What You Need to Wind Down Your Business

“You’ve got to do good with your customers and employees because at the end of the day, you're not shutting down the entire business, just a specific business unit.”

What is a wind down?

When a business unit or product line no longer fits with a company’s overall strategy, a company will choose to wind it down. However, this decision has many implications for employees, customers, contracts, vendors, and manufacturers.

What are some of the reasons a company might wind down a product or service?

There are three main reasons a company might choose to wind down a product or service:

  1. An acquisition did not work out - after an acquisition, the acquirer might be left with a business unit that is problematic and not reaching its potential and, therefore, it will choose to wind it down. 
  2. Change in market value - changes in the market lead to changes in a business unit’s market value and, consequently, a decline in its revenue. 
  3. Change in strategy - the company might switch its overarching strategy, which means it must refocus energy and resources often resulting in the winding down of one of its business units. 

Here we should note that before moving fully forward with a wind down, companies often consider divestitures as an option. 

How do you best plan for/approach a wind down?
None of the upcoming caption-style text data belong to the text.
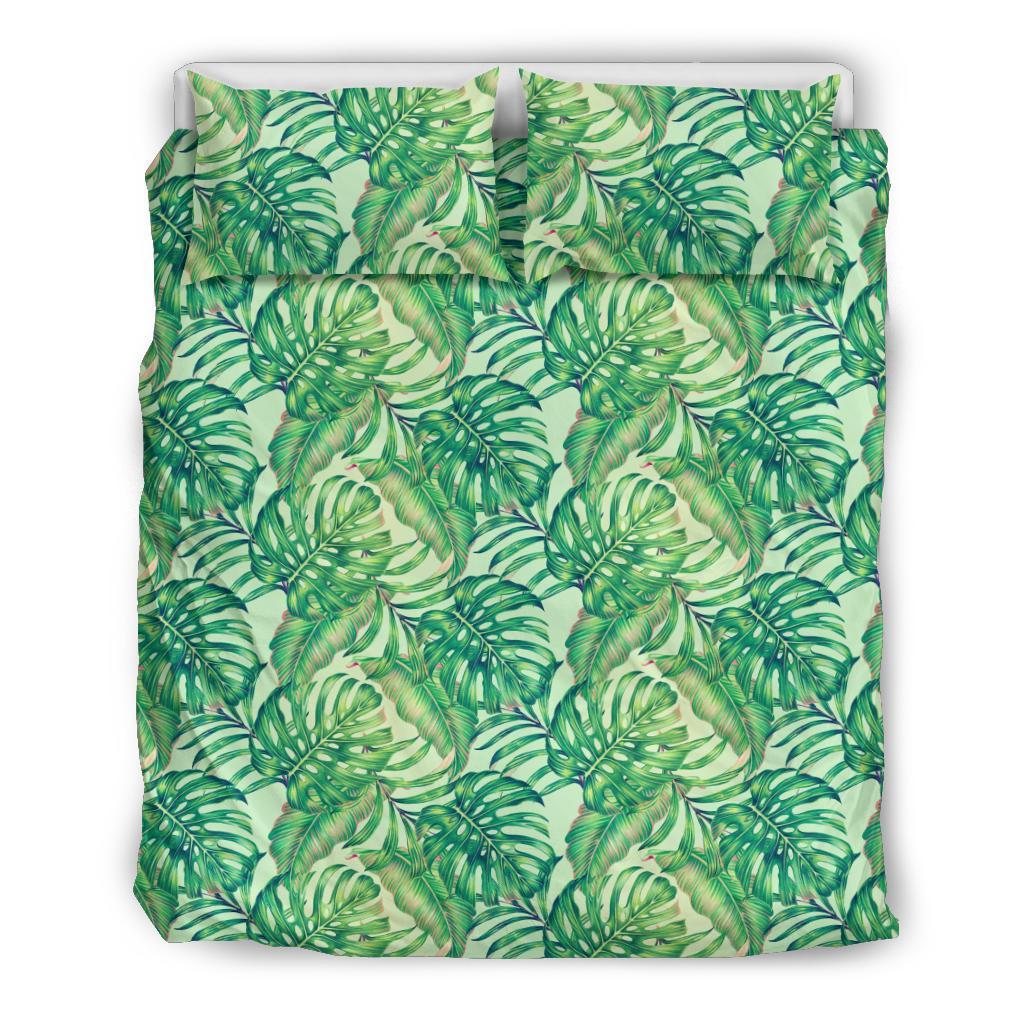 Hawaiian Tropical Leaves Jungle Monstera Leaf Polynesian Bedding Set Black - Polynesian Pride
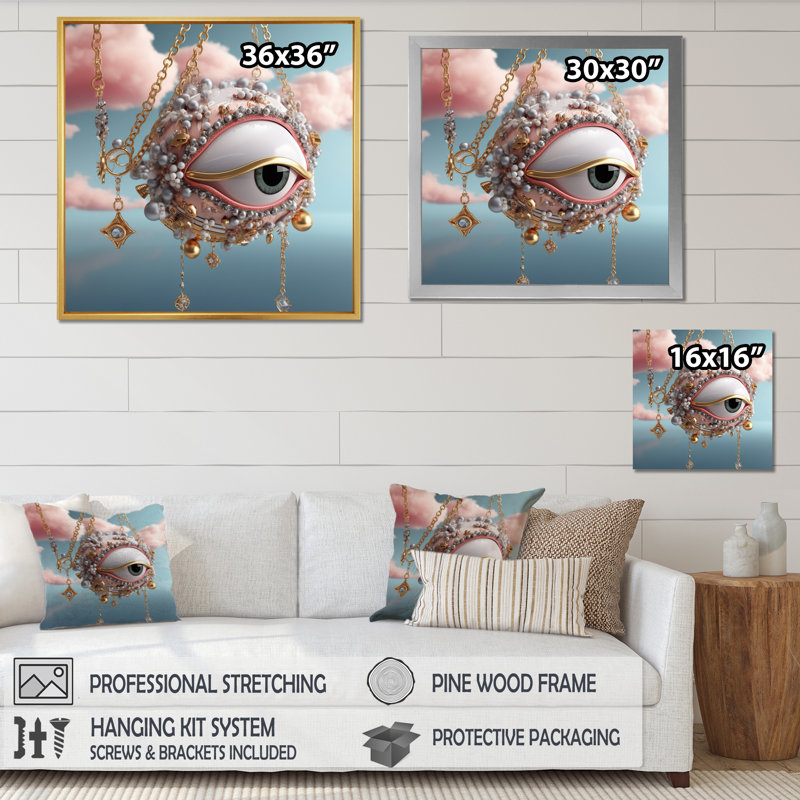 Œil du surréalisme, reproduction sur toile encadrée, H 30 po x l 30 po x P 1 po, Cadre naturel flottant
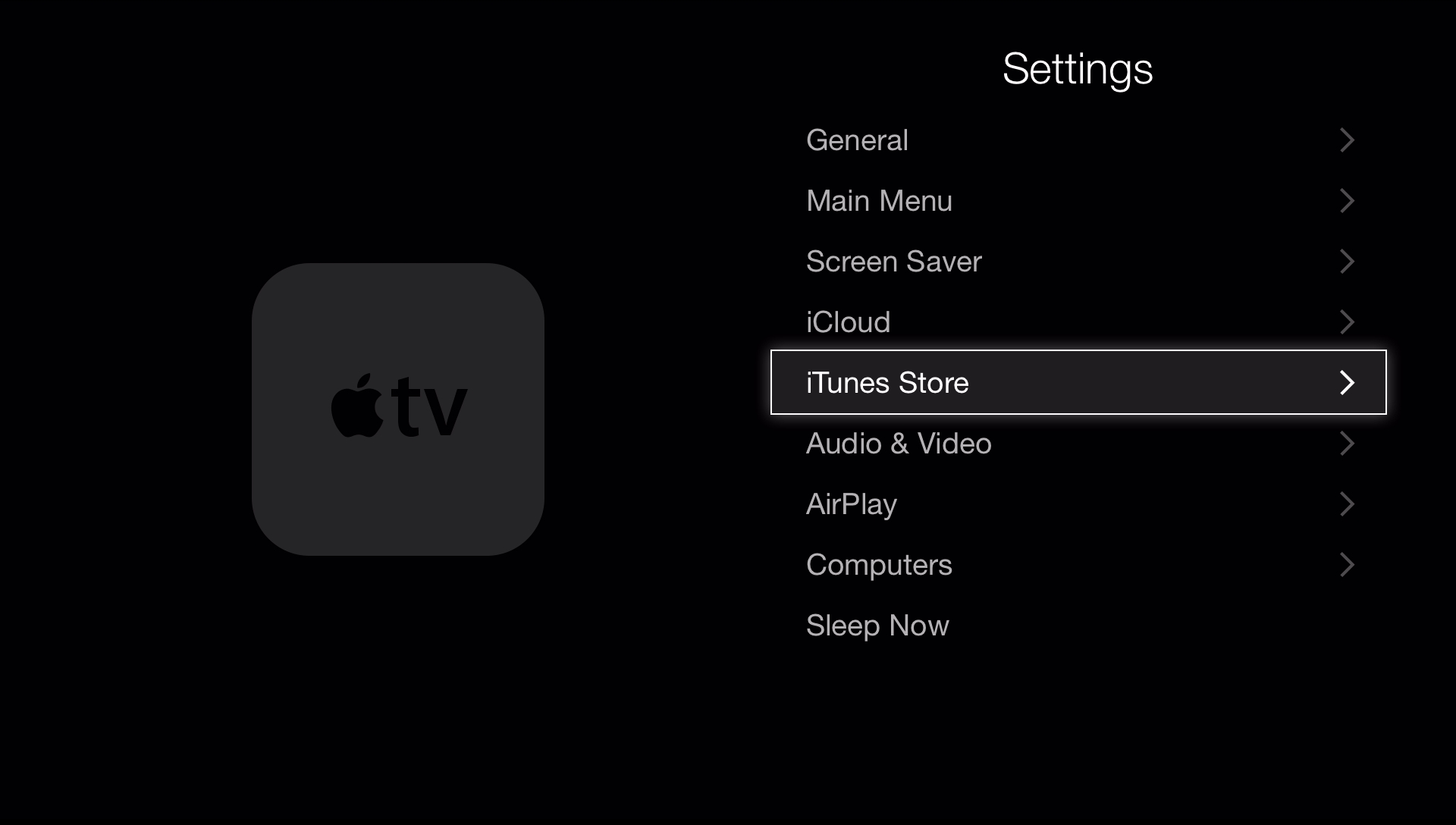 enter itunes store in apple tv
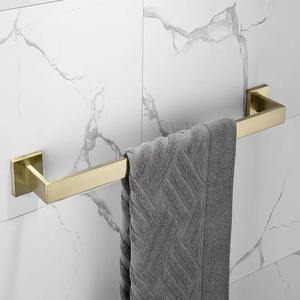 Ensemble de porte-serviettes mural Daystar Trade en acier inoxydable brossé doré moderne et écologique, longueur personnalisée, luxe - Product Image 2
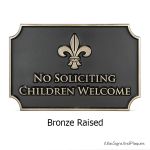 No Soliciting Children Welcome Bronze Raised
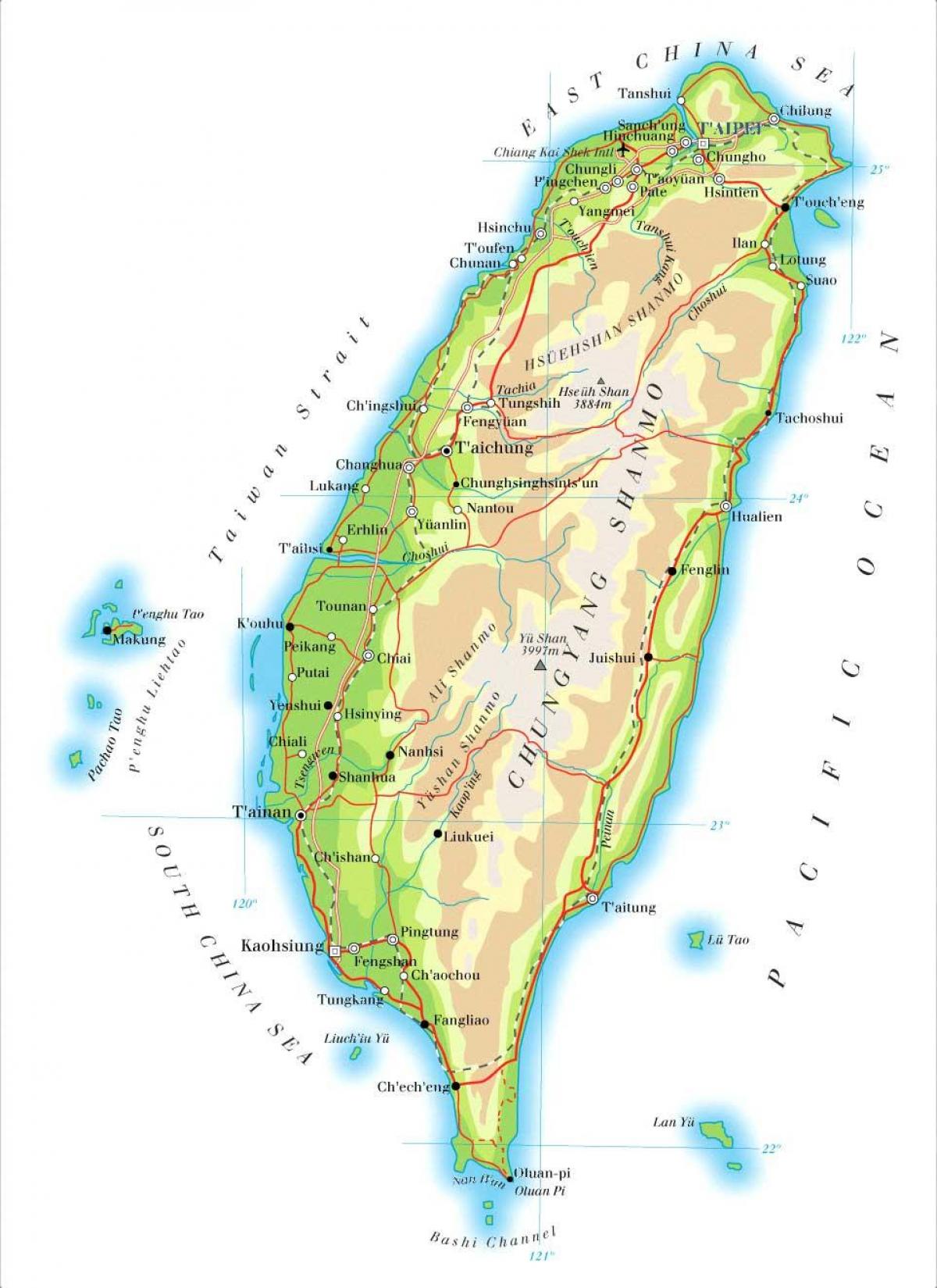 નકશો તાઇવાન નદી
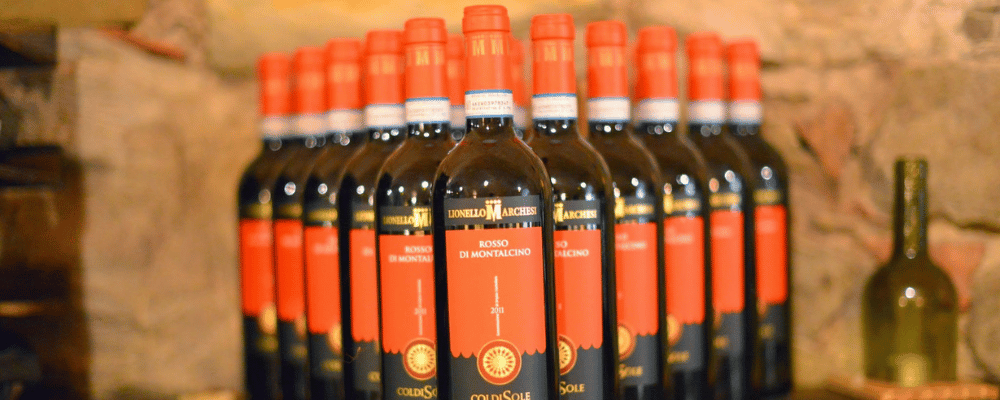 Bottles of wine for tasting in florence, italy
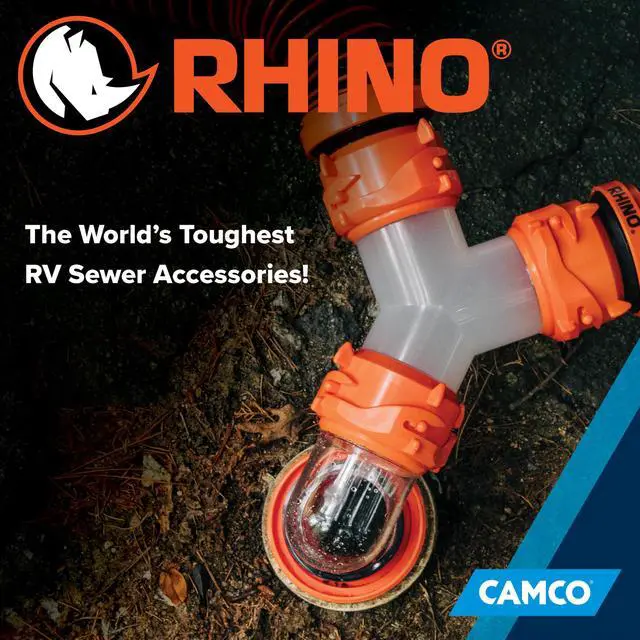 Alt view image 6 of 7 - RhinoFLEX Camper/RV Wye Sewer Hose Fitting | Features 360-Degree Swivel Ends & Built-In Gaskets for Odor Tight Connection | Allows for 2 Sewer Hoses to Connect to the Same Dump Station (39812),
Wind downs do not come with a playbook or a templated task list, rather there are factors to carefully consider when planning how soon the wind down will take place and how it will be handled. The starting point is based on the answer to the question, “what is the critical path?”, "What is most critical for your company to begin with?". Perhaps the answer is customer obligations; in other instances, it might be contract restrictions. Overall, these factors include:

  1. Contracts - are there contract restrictions you must be prepared to work within?
  2. Customers - it is paramount to “do good by” your customers because you might work with these customers again and/ or  desire your customers to transition to a new product or service. Even though your company is winding down a business unit, you are still a functioning company and maintaining a good reputation is key.
  3. Employees - employees are a major component of a wind down; labor laws also come into play here (since labor laws are country and state specific, you must take a careful view).
  4. Data/IP - the data and Intellectual Property associated with the business should be carefully reviewed. You will need to decide how long the data should be kept and if there is any IP to harvest.
  5. Finances - the financial team obviously has a prominent say in the wind down decision and process; the financial benefits of the wind down clearly need to  be discussed and analyzed.

Again, when it comes to prioritizing the above factors, it depends upon the company’s long term goal. 

What resources and functions are involved in a wind down?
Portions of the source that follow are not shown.